About this exercise: Give back exactly the lines from the start of the entries below to the line holding "Skechers Slip-ins: Aero Pulse 72791443", that line included, and leave every picture out.

Web page caption snippets:
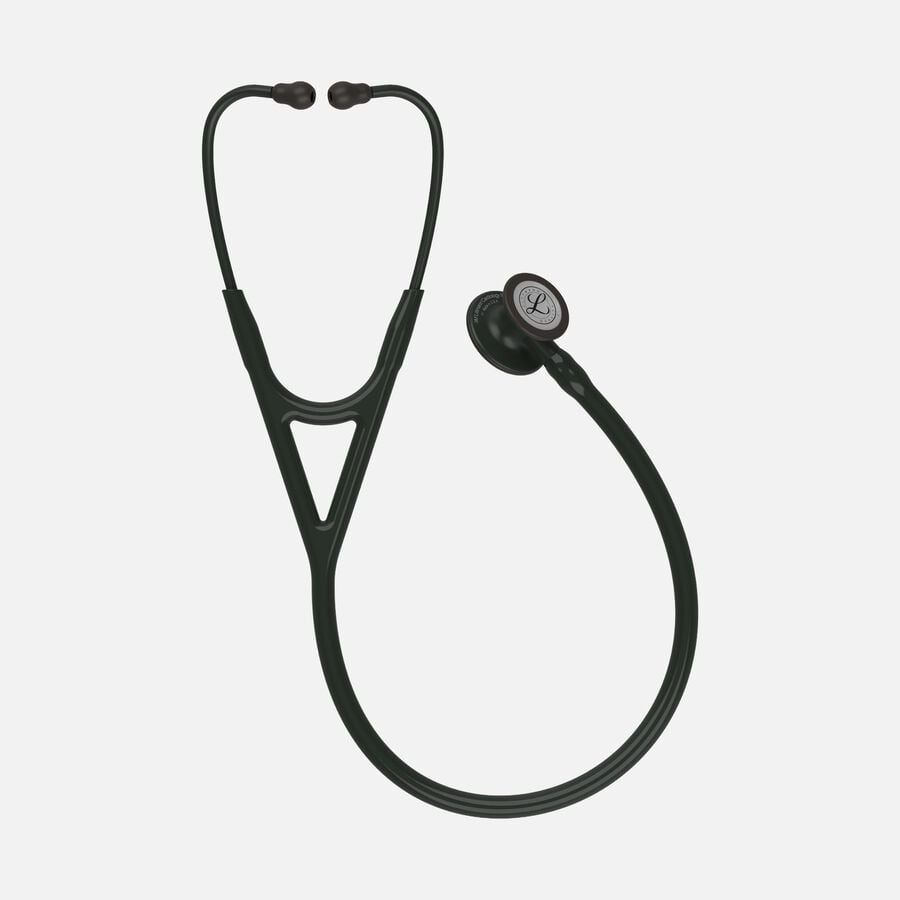 3M Littmann Cardiology IV Stethoscope 27", , large image number 1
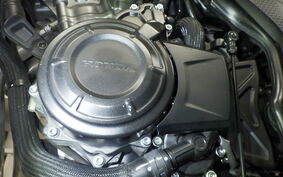 HONDA 400X GEN 2 2020 NC56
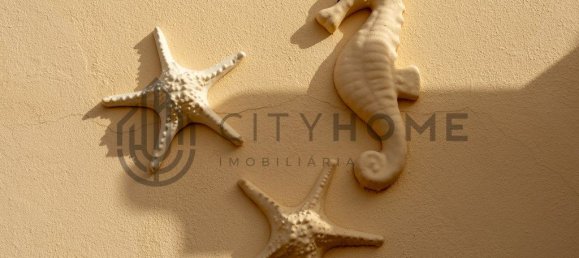 3 bedrooms Apartment in Quarteira, Portugal No. 61850 21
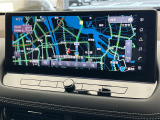 エクストレイル 1.5 G e-4ORCE 4WD 修復歴無し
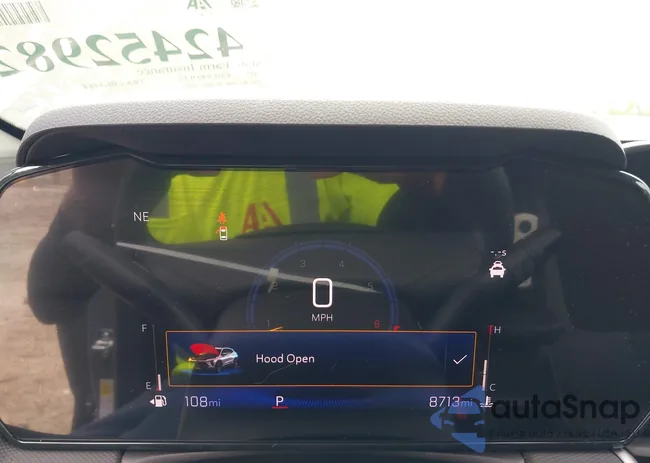 KL79MMSL0SB085789: 42452982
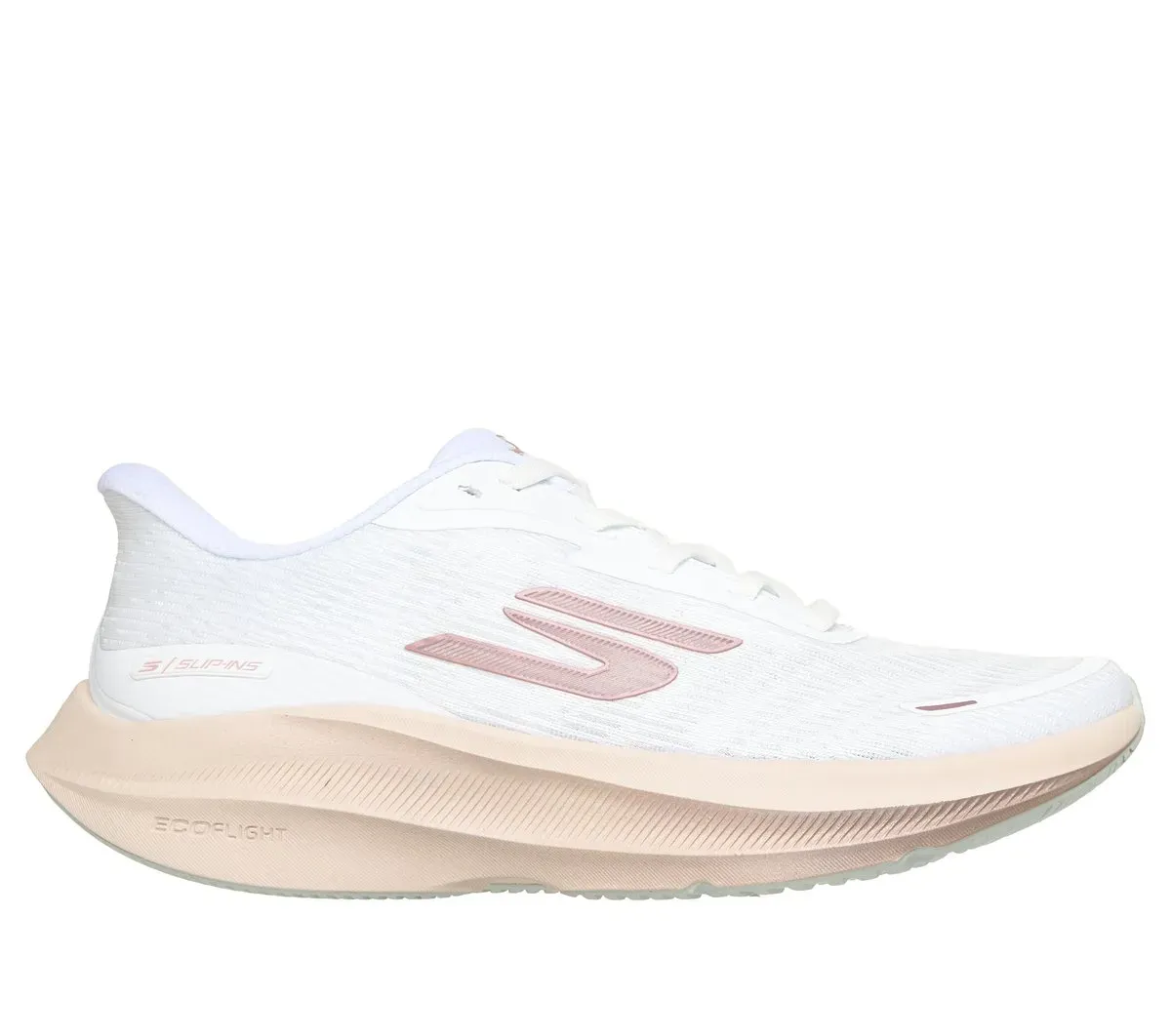 Skechers Slip-ins: Aero Pulse 72791443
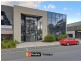 43 Grey Street, Traralgon VIC 3844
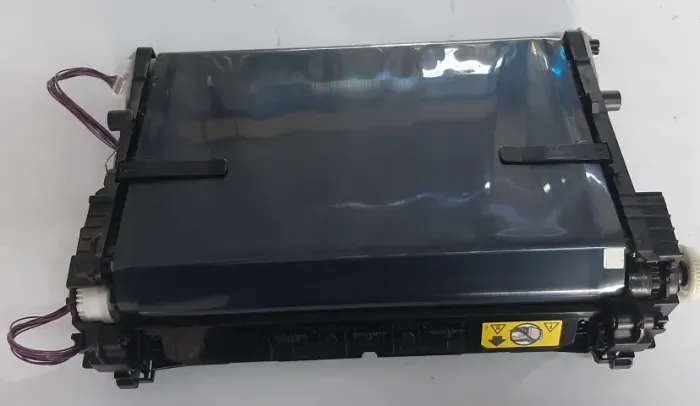BELT HP CP1025NW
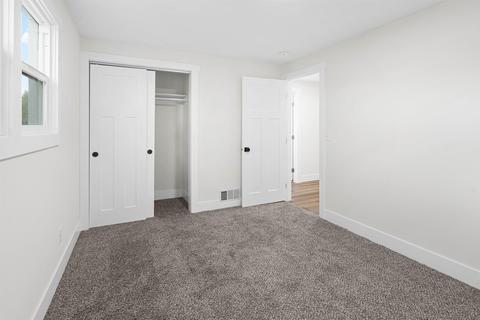 12208 E 12th Ave, Spokane Valley, WA 99206 photo 19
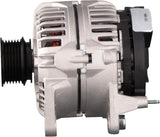 Febi 101500 Alternator
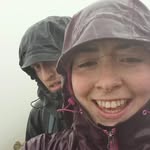 luucccyyyy6 profile picture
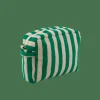 CASA Bolsas^MARIO Bolsa Higiene Verde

The answer:
 3M Littmann Cardiology IV Stethoscope 27", , large image number 1
 HONDA 400X GEN 2 2020 NC56
 3 bedrooms Apartment in Quarteira, Portugal No. 61850 21
 エクストレイル 1.5 G e-4ORCE 4WD 修復歴無し
 KL79MMSL0SB085789: 42452982
 Skechers Slip-ins: Aero Pulse 72791443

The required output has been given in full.